Hélas, le sang allait bientôt couler. Appelé par une urgence, Cortés partit précipitamment pour la côte et confia son autorité à un homme impulsif, Pedro de Alvarado. Craignant qu’en l’absence de Cortés la population de Tenochtitlán ne se soulève bientôt contre lui, Alvarado décida de frapper le premier. Lors d’une célébration, il massacra un certain nombre d’Aztèques. À son retour, Cortés trouva la ville en pleine agitation. Pendant la bataille qui éclata alors, Moctezuma fut tué, peut-être par les Espagnols. Selon la version espagnole des faits, Cortés persuada Moctezuma d’apparaître en public pour demander à son peuple de cesser le combat ; ce que faisant, l’empereur fut lapidé par ses sujets. Toujours est-il que Cortés et quelques-uns de ses hommes, blessés, parvinrent à s’enfuir.
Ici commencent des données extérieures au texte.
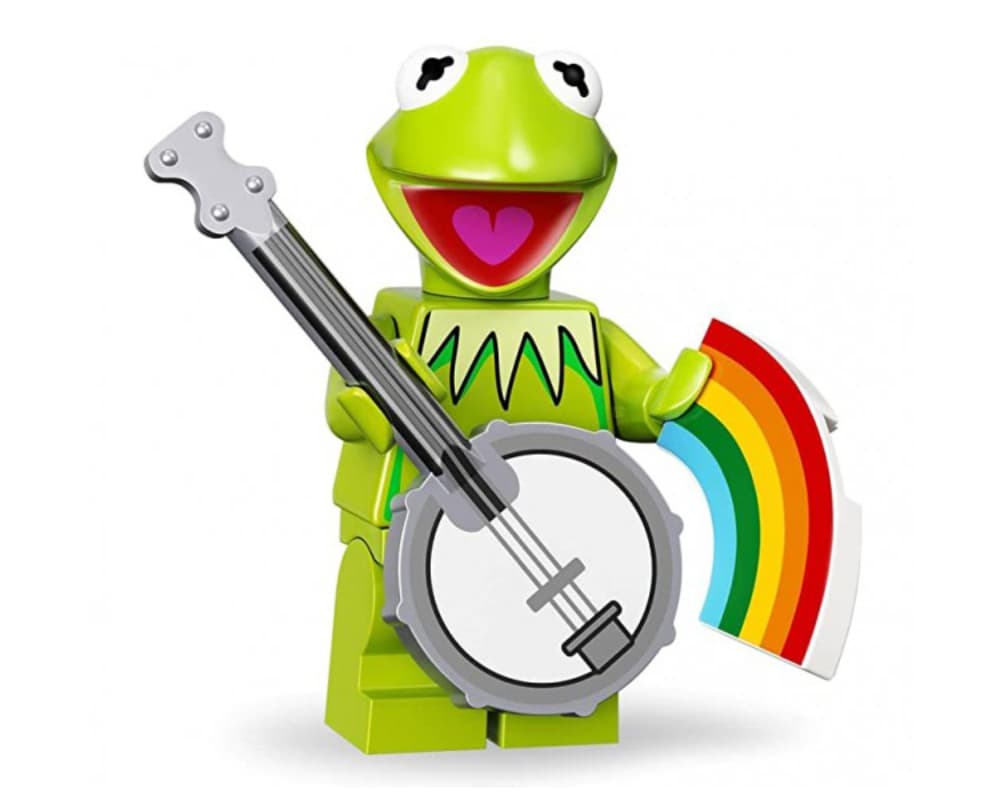 LEGO sættet Kermit the Frog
Épuisé et mal en point, Cortés rassembla ses troupes, auxquelles s’adjoignirent des tribus voisines qui haïssaient les Aztèques et ne demandaient qu’à s’affranchir de leur joug. Puis il se porta de nouveau contre Tenochtitlán. Durant le siège sanglant qui suivit, les Aztèques auraient offert en sacrifice des captifs espagnols. Les hommes de Cortés, fous de rage, n’en furent que plus déterminés à vaincre à tout prix. Les tribus vassales, écrit un auteur aztèque, participèrent elles-mêmes à l’opération : elles “ se vengèrent cruellement des Mexicas et pillèrent tous leurs biens ”.
Le 13 août 1521, le Grand Tenochtitlán tomba. Les Espagnols et leurs alliés dominaient maintenant complètement les Mexicas. “ En un clin d’œil, les Espagnols, qui fouillaient toute la région à la recherche d’or, transformèrent les vastes cités et les grands centres cérémoniels méso-américains en champs de ruines. Les peuples indigènes furent réduits en esclavage et christianisés, et l’Empire aztèque, dernière grande civilisation indigène, disparut. ” — National Geographic.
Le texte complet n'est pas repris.